Premio Dona, UNC: quest’anno si parla di intelligenza dei dati

Conto alla rovescia per il Premio Dona, quest’anno dedicato all’ Intelligenza dei dati. In un anno caratterizzato dalla centralità dei dati personali, a partire dall’approvazione del nuovo regolamento europeo sulla privacy per finire ai rischi di intrusioni e data breach, l’Unione Nazionale Consumatori lancia il suo evento annuale e promette di affrontare il tema in una logica propositiva. Che evidenzia dunque l’utilità dei dati nella società, insieme al riflesso che questi hanno sul comportamento dei consumatori. Appuntamento a Roma il 16 novembre.

Si andrà dunque dal nuovo Regolamento europeo alle più moderne case history del “buon uso” dei dati nei più svariati settori, senza dimenticare i recenti scandali che hanno punteggiato le cronache da Cambridge Analytica in poi. Il “Premio Vincenzo Dona, voce dei consumatori” si svolgerà il 16 novembre al Teatro Argentina di Roma.
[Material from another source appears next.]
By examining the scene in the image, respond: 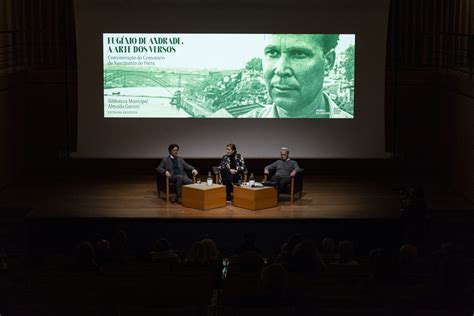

Sottotitolo della giornata: “Come gli algoritmi definiscono il nuovo profilo del consumatore”.

“Intelligenza è la parola chiave -afferma il presidente UNC Massimiliano Dona- che serve a raccontare i dati in modo originale: come è nostra tradizione, infatti, proveremo a discutere di questo tema di grande attualità in un’ottica costruttiva: non c’è dubbio che il 2018 possa essere considerato l’anno dei dati (non solo per l’entrata in vigore del Regolamento Ue 2016/679, meglio noto come GDPR, ma anche per i molti fatti di cronaca che hanno contributo a portare il tema agli onori della cronaca); tuttavia, come si evince anche dalla scelta dei termini (‘furto dei dati’, ‘data breach’, ‘intrusioni’) il tema rischia di essere criminalizzato. Ecco perché, come da tradizione, da parte nostra affronteremo l’argomento in una logica propositiva, riflettendo sulla utilità dei dati nella nostra società (di qui il titolo, “L’intelligenza dei dati”), senza dimenticare ovviamente tutte le necessarie cautele che devono ispirare il rapporto tra imprese e consumatori. Lo faremo avvalendoci di esperti del settore, di autorevoli rappresentanti delle istituzioni (sarà presente il Garante della Privacy, Antonello Soro) e attraverso le testimonianze di aziende leader della distribuzione, delle utilities, del digitale e della comunicazione”.